Task to complete:
Which lines below contain "protein"? Pull them out.

Data extracts:
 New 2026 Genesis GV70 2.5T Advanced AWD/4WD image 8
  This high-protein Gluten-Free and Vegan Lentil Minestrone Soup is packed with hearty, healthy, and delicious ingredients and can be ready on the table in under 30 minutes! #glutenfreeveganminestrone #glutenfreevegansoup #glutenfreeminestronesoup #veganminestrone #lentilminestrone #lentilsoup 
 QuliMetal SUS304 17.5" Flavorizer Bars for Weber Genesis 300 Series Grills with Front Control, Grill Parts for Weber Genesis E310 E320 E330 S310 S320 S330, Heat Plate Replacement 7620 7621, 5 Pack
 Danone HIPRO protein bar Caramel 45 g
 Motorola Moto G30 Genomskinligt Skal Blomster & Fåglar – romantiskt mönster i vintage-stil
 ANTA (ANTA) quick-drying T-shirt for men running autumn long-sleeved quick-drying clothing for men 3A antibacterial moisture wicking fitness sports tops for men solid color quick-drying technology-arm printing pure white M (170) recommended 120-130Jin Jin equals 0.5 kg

Answer space:
  This high-protein Gluten-Free and Vegan Lentil Minestrone Soup is packed with hearty, healthy, and delicious ingredients and can be ready on the table in under 30 minutes! #glutenfreeveganminestrone #glutenfreevegansoup #glutenfreeminestronesoup #veganminestrone #lentilminestrone #lentilsoup 
 Danone HIPRO protein bar Caramel 45 g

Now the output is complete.